Glueless wood flooring, on the other hand, comes in light with the engineered flooring since this is easier to be manipulated and to but cut in perfect fitting size, unlike the hardwood panels. The non-usage of adhesive depends mainly on the ability of the woods to stick strongly with each other, and we can only achieve that using the engineered hardwood flooring.
If you want to follow a strict budget without sacrificing the entire look of your flooring, you can use laminate as your glueless wood flooring. Laminate is much affordable than engineered or solid wood flooring, so you will not have to worry that it will cost you an arm or a leg to buy a few pieces of it. Besides, it is somewhat resistant to water and it can still look like a real wood flooring because of the printed image of real wood on top of it.
How to install them?
Here is the general idea of how you can install glueless wood flooring:
- Approximately three days before you start the glueless wood flooring installation process, you have to lay the flooring pieces out in the open so that they can adjust to the temperature and moisture in the area.

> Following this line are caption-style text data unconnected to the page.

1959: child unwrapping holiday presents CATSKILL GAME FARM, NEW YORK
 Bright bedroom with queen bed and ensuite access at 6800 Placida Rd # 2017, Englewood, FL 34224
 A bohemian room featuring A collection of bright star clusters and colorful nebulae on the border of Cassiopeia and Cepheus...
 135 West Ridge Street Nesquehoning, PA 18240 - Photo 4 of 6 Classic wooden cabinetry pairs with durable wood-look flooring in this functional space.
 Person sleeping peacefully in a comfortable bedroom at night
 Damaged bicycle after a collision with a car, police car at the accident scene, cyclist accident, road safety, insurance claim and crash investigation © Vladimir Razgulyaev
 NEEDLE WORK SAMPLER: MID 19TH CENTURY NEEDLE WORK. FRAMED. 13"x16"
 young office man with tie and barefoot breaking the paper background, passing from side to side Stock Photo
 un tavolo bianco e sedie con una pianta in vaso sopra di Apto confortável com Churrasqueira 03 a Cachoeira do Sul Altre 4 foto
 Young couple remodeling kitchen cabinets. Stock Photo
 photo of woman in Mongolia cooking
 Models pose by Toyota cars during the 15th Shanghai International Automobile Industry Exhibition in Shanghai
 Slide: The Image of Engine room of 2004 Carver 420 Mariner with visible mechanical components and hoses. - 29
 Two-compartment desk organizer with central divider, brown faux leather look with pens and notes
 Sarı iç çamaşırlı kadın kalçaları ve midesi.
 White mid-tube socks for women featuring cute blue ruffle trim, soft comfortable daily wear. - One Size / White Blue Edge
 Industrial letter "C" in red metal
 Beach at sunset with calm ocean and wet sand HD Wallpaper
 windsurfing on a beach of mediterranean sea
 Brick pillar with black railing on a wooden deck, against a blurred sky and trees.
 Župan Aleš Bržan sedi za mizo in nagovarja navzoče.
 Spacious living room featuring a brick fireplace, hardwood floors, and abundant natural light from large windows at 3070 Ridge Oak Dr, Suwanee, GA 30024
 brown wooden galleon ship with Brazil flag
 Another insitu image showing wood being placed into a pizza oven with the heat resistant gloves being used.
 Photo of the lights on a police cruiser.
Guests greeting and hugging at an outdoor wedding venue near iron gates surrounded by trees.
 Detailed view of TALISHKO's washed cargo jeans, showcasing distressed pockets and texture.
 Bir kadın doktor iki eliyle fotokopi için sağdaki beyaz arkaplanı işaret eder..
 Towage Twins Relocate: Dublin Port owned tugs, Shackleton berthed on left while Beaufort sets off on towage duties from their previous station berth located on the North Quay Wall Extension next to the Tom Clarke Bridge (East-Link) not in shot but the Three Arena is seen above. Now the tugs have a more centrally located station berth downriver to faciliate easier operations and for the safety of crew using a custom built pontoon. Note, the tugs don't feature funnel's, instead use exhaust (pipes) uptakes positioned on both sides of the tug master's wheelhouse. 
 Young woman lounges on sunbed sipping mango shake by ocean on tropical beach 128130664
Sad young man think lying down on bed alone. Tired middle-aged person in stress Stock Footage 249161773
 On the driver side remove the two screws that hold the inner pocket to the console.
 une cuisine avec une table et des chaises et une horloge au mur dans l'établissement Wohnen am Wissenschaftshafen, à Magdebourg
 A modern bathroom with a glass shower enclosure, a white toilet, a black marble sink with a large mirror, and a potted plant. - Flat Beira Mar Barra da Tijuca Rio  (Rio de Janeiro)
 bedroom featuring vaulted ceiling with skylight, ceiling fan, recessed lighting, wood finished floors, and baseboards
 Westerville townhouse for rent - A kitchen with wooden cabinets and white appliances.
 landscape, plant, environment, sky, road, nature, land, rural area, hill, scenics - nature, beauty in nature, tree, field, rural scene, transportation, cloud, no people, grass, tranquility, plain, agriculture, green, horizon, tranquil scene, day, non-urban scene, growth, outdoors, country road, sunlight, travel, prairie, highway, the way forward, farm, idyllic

- While you are waiting for that, start checking the existing flooring. If there are gaps, fill them with leveling compound. If the existing flooring is hardwood, make sure that all the bumps are sanded out so that the surface will be flat.
- With the help of a flooring board, remove some of the door jambs to give space for the new flooring.
- When that is done, cover the space with a moisture barrier.
- ¼ inch away from the wall, begin laying the boards down. You need that much space to let the wood expand.
- Once you have installed all the boards, install a baseboard to cover the gap between the edges of the flooring and the wall.